# Vals for the 10 gallon?



## GekkoGeck0 (Nov 3, 2005)

One thing I've never been able to get straight is Vals. There seems like so many varieties and so many different names...

I really enjoy the look of the tightly spiraled Vals, but I've never been able to get a straight species name and stats for them. So, does anyone know any tightly spiraled Vals that grow to about 12"-15" and are suitable for a 10 gallon aquarium? Vallisneria americana 'Mini twister' is the only one I seem to be able to find, and it doesn't seem to be common.


----------



## Bert H (Mar 2, 2004)

I have heard that some of the more tightly twisted spiralis types tend to be shorter than the straighter ones which can grow 2-3 feet long. But I can't give you any personal experience there.


----------



## jbot (Feb 3, 2006)

bump for Gekko


----------



## Firey Snow Meadow (Mar 29, 2006)

If you want some straight vals drop me a pm. I can send you 15 trimed plants to give you a nice clump.


----------



## GekkoGeck0 (Nov 3, 2005)

Thanks for the offer, but I'm specifically looking for tightly spiraled Vals that stay short enough to be placed in a 10 gallon. Again, the only species name I've come up with is Vallisneria americana 'Mini twister' and I'll probably never get a hold of it, being a Tropica plant and my LFS just keeps ordering in standard junk.
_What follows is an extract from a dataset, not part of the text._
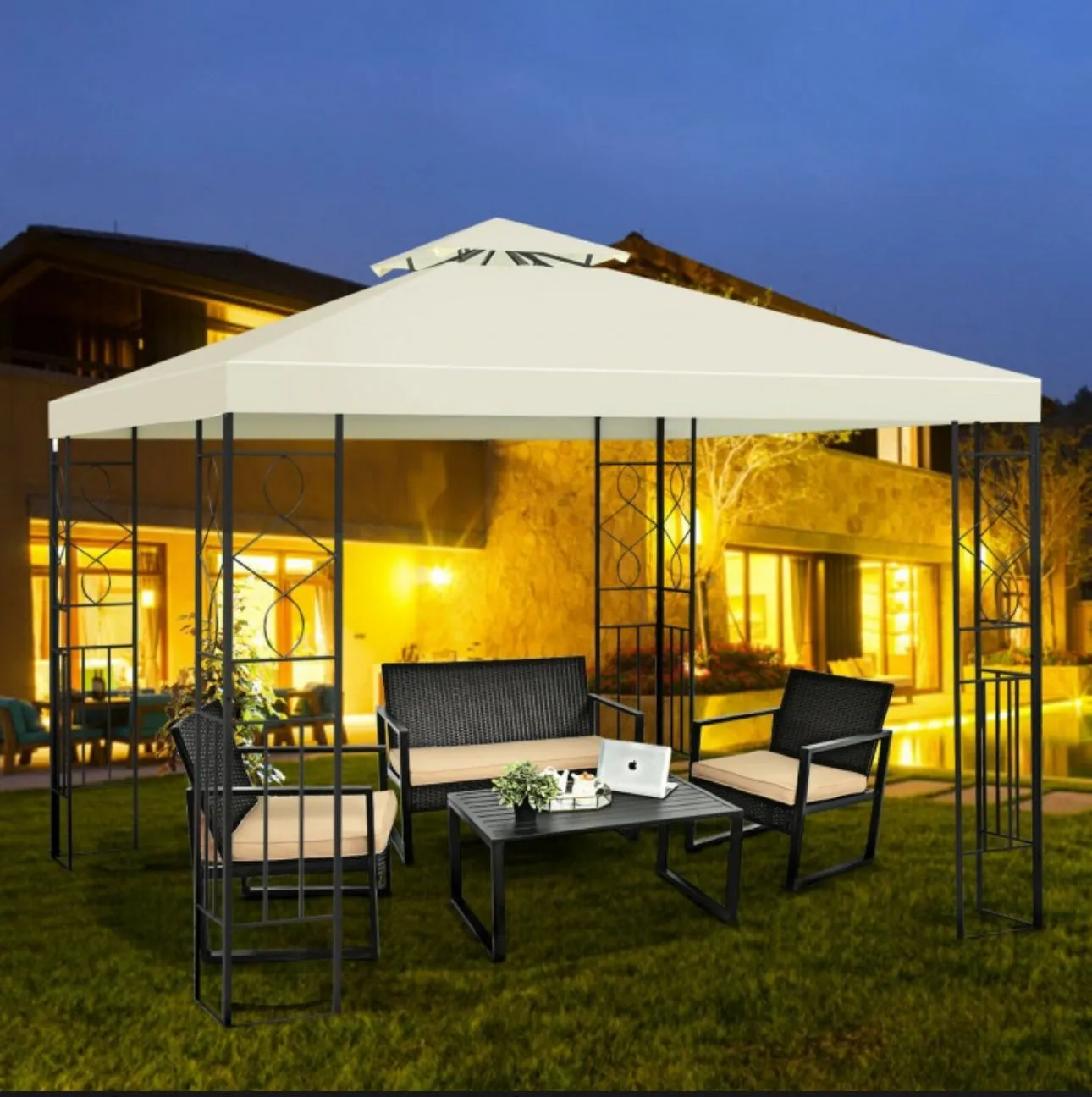 Super Duty Beautiful 2 Tier 10x10ft Patio Gazebo Canopy Tent | Sun Protection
I've seen Vallisneria torta, spiralis, etc... I just don't know which is which, because when I try to look up information on any of the Vals, the Latin names keep changing, same with the growing specifications of the plants.


----------



## TetraFreak (Mar 15, 2006)

Just see if you can find "Corkscrew Val" which is the tight spirals.

These tend to stay a bit shorter and you can always trim it down a bit if it starts to get too tall.


----------



## Aquaspot (Jan 19, 2006)

Vallisneria biwaensis is tightly spirallized. It is also commonly known as the twisted Vallisneria. The leaves are also not as big as the more common giant species. Believe this should be close to what you are looking for?


----------



## GekkoGeck0 (Nov 3, 2005)

Aquaspot said:


> Vallisneria biwaensis is tightly spirallized. It is also commonly known as the twisted Vallisneria. The leaves are also not as big as the more common giant species. Believe this should be close to what you are looking for?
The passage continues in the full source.